CLEAR: Error Analysis via LLM-as-a-Judge Made Easy

CLEAR (Comprehensive LLM Error Analysis and Reporting) is an interactive, open-source package for LLM-based error analysis. It helps surface meaningful, recurring issues in model outputs by combining automated evaluation with powerful visualization tools.

The workflow consists of two main phases:

Analysis
Generates textual feedback for each instance; Identifies system-level error categories from these critiques and quantifies their frequencies.
Interactive Dashboard
An intuitive dashboard provides a comprehensive view of model behavior. Users can:
- Explore aggregate visualizations of identified issues
- Apply dynamic filters to focus on specific error types or score ranges
- Drill down into individual examples that illustrate specific failure patterns

CLEAR makes it easier to diagnose model shortcomings and prioritize targeted improvements.

You can run CLEAR as a full pipeline, or reuse specific stages (generation, evaluation, or just UI).

🚀 Quickstart

Requires Python 3.10+ and the necessary credentials for a supported provider.

1. Installation

Option 1 (Recommended for development): Clone the repo and set up a virtual environment:

git clone https://github.com/IBM/CLEAR.git
cd CLEAR
python3 -m venv .venv
source .venv/bin/activate  # On Windows: .venv\Scripts\activate
pip install -e .

📦 Option 2: Install via pip (Latest Release)

pip install clear-eval

` 2. ### Set provider type and credentials CLEAR requires a supported LLM provider and credentials to run analysis. See supported providers ↓

⚠️ Using a private proxy or openai deployment? You must configure your model names explicitly (see below). Otherwise, default model names will be used automatically for supported providers.

Run on sample data:

The sample dataset is a small subset of the GSM8K math problems. For running on the sample data and default configuration, you simpy have to set your provider and run

run-clear-eval-analysis --provider=openai # or rits, watsonx

This will:

Run the full CLEAR pipeline
Save results under: results/gsm8k/sample_output/

The sample dataset which is used as default by the analysis can be found here.

The default configuration file which uses this can be found here.
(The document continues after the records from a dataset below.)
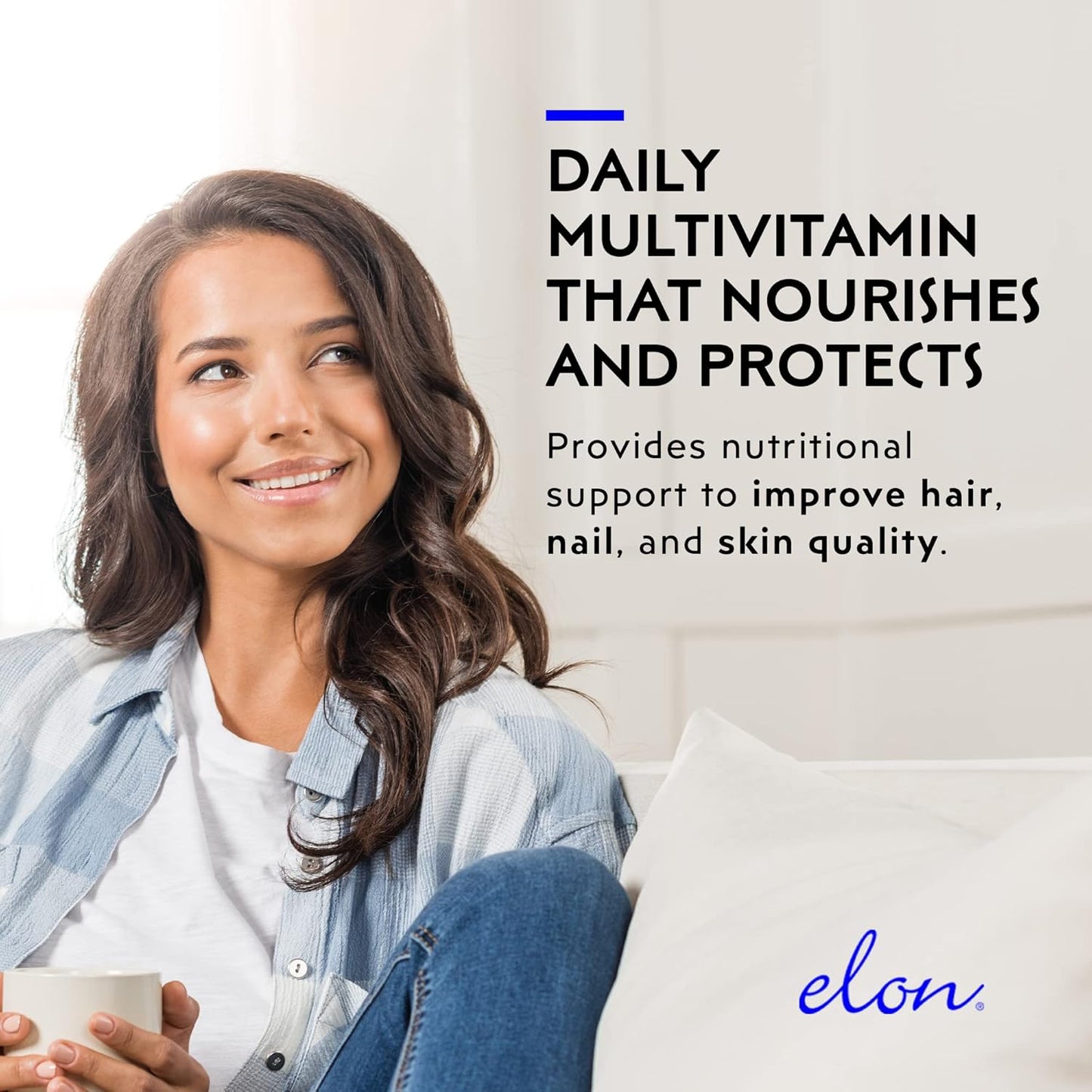 Elon Matrix 5000 Multivitamin - Biotin Supplement for Healthy Skin, Hair & Nails | 60-Day Supply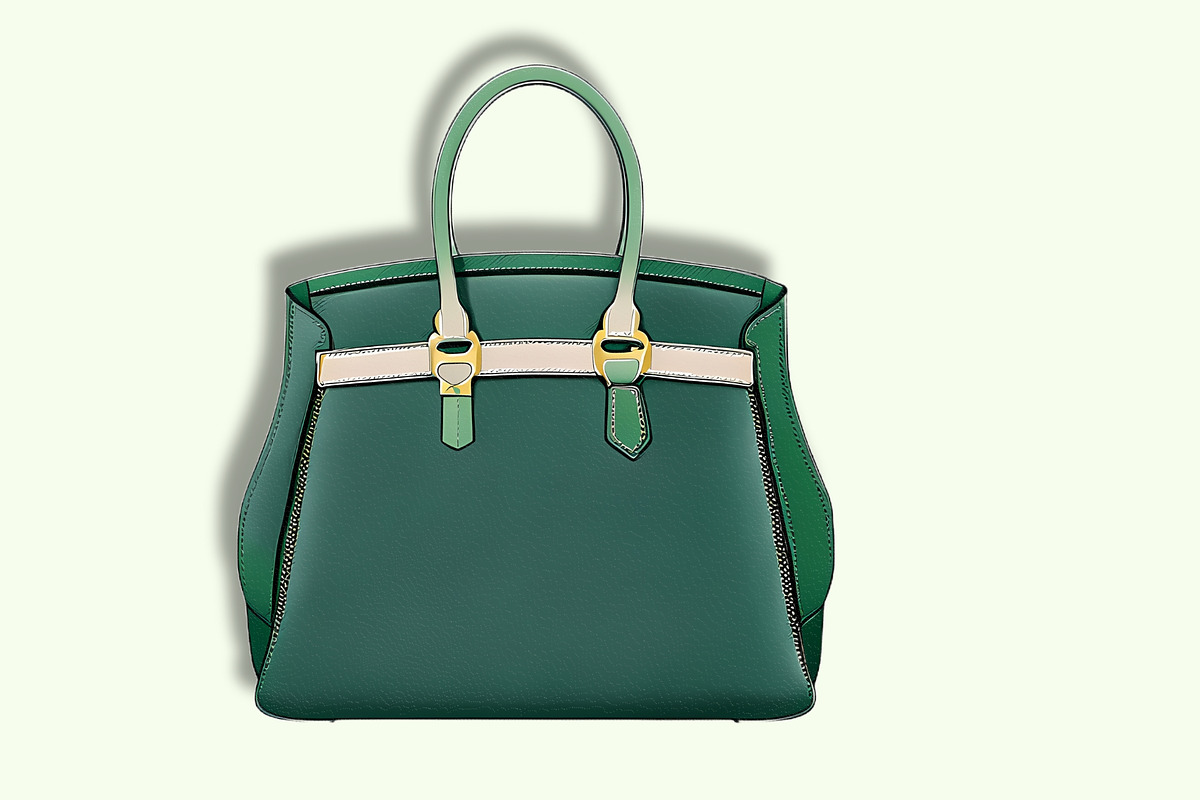 Luxury Handbags Clipart Deep Green, an Object Illustration by Une Affaire de Filles (Photo 3 of 5)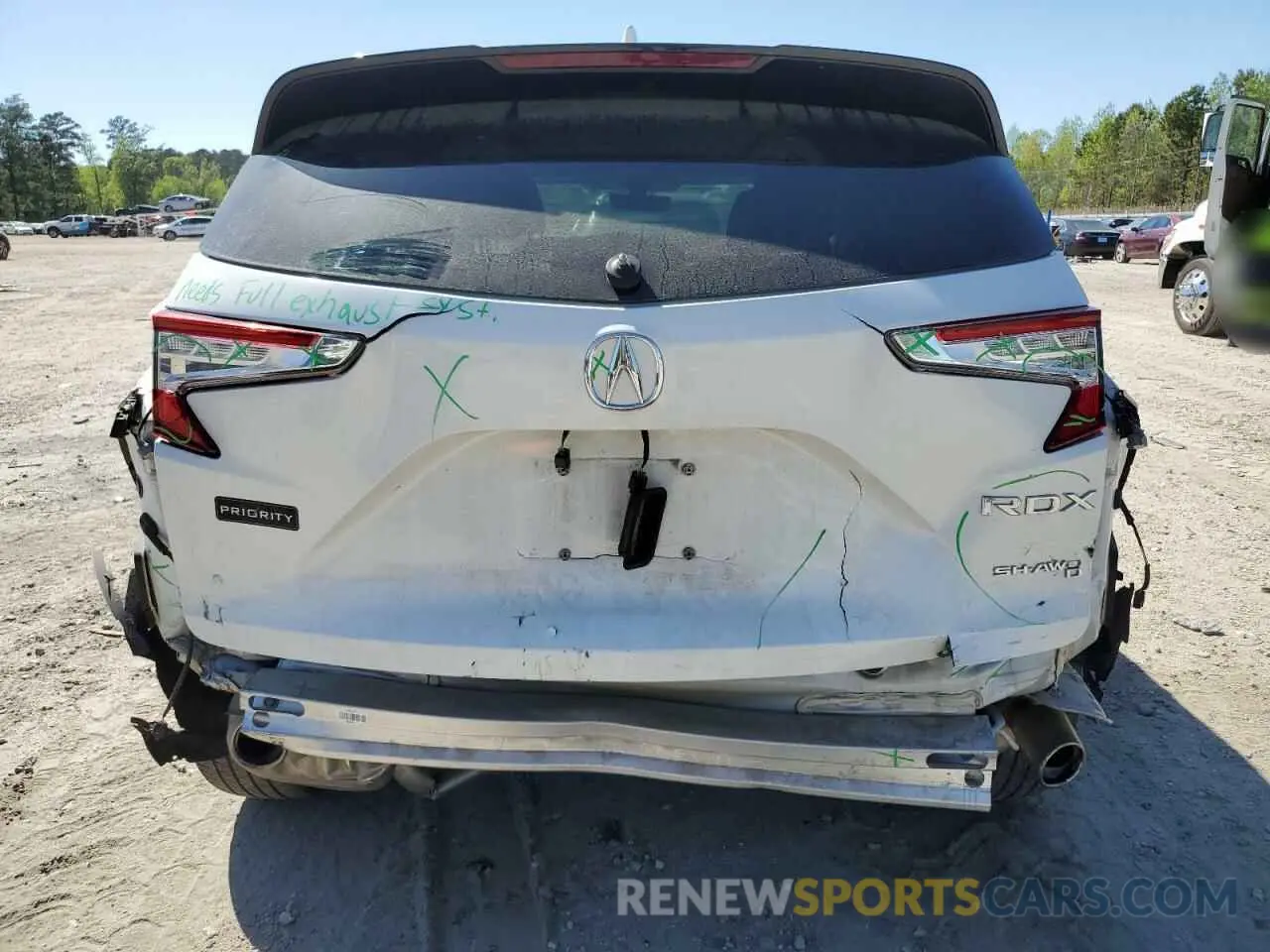 6 Фотография поврежденного автомобиля 5J8TC2H59ML009737 ACURA RDX 2021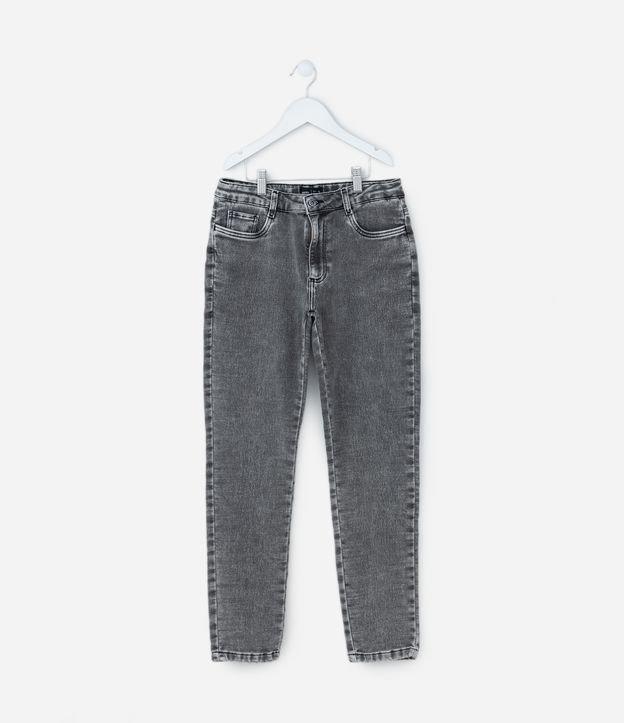 Calça Infantil em Jeans Básica Marmorizada - Tam 5 a 14 Anos - 1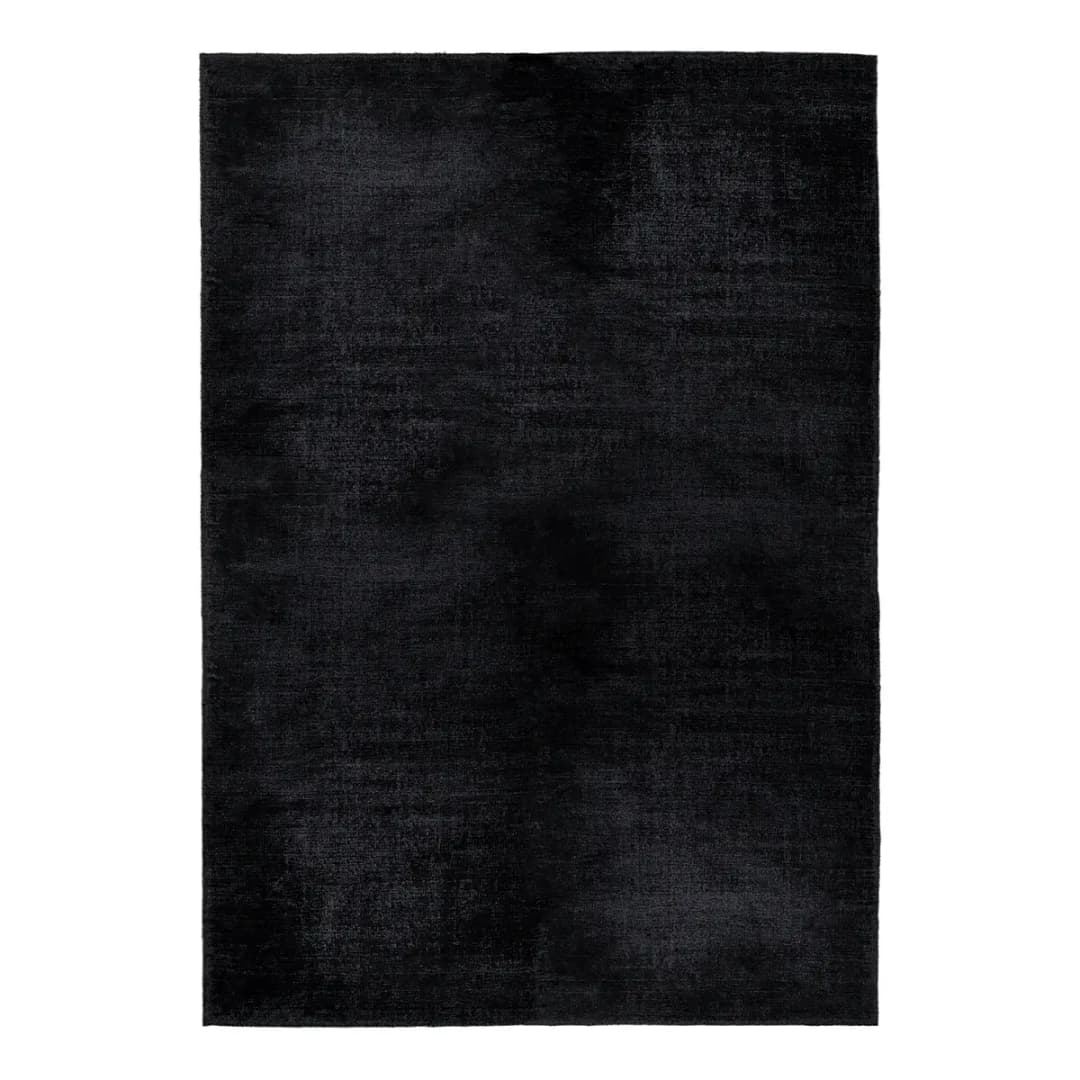 Tom Tailor Kurzflorteppich Shine | Schwarz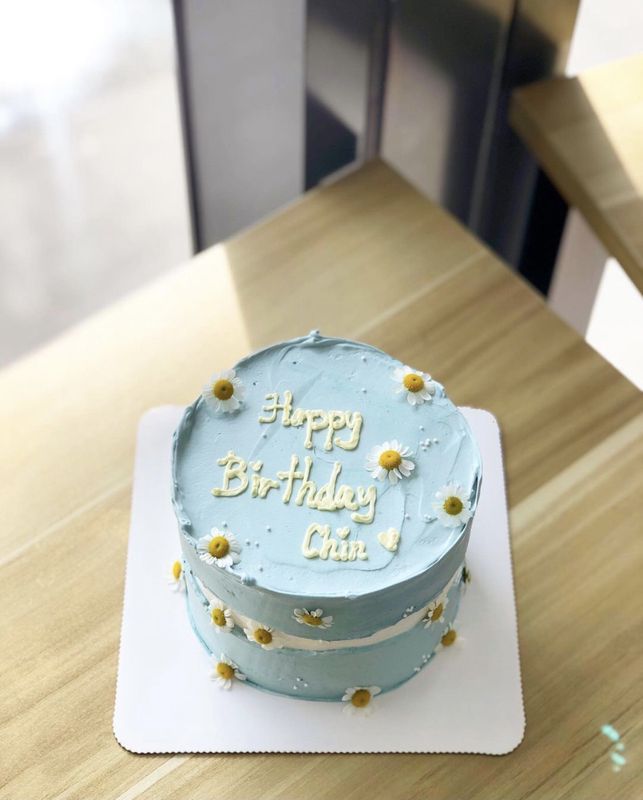 Korean Ins Minimalist Round Cake 3 (WhatsApp Order)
View results in the interactive dashboard:

run-clear-eval-dashboard

Or set the port with

run-clear-eval-dashboard --port <port>

Then:

Upload the generated ZIP file from results/gsm8k/sample_output/
Explore issues, scores, filters, and drill into examples

To explore the dashboard without running any analysis:

Run the dashboard:

run-clear-eval-dashboard

Then you can load the pre-generated sample output zip. you can manually upload a sample .zip file located at:

<your-env>/site-packages/clear_eval/sample_data/gsm8k/analysis_results_gsm8k_default.zip

📁 Or just download it directly from the GitHub repo.

📂 Analyzing your own data

📄 Input Data Format

CLEAR takes a CSV file as input, with each row representing a single instance to be evaluated.

Required Columns

Column	Used When	Description
`id`	Always	Unique identifier for the instance
`model_input`	Always	Prompt provided to the generation model
`response`	Using pre-generated responses	Pre-generated model response (ignored if generation is enabled)
`ground_truth`	Performing reference based analysis	Ground-truth answer for evaluation (optional)
others	`--input_columns` is used	Additional input columns to show in dashboard (e.g. `question`)

🚀 Running the analysis

CLEAR can be run via the CLI or Python API.

Option 1: CLI commands

Each stage has its own entry point:

run-clear-eval-analysis --config_path path/to/config.yaml    # run full pypeline
run-clear-eval-generation --config_path path/to/config.yaml  # run generation only
run-clear-eval-evaluation --config_path path/to/config.yaml  # Assume generation responses are given, run evaluation

If --config_path is specified, all parameters are taken from the config unless explicitly overridden
CLI flags passed directly override corresponding config values

Option 2: Python API

from clear_eval.analysis_runner import run_clear_eval_analysis, run_clear_eval_generation, run_clear_eval_evaluation

run_clear_eval_analysis(
    config_path="configs/sample_run_config.yaml"
)

For an example data and configuration files, please see Run on sample data.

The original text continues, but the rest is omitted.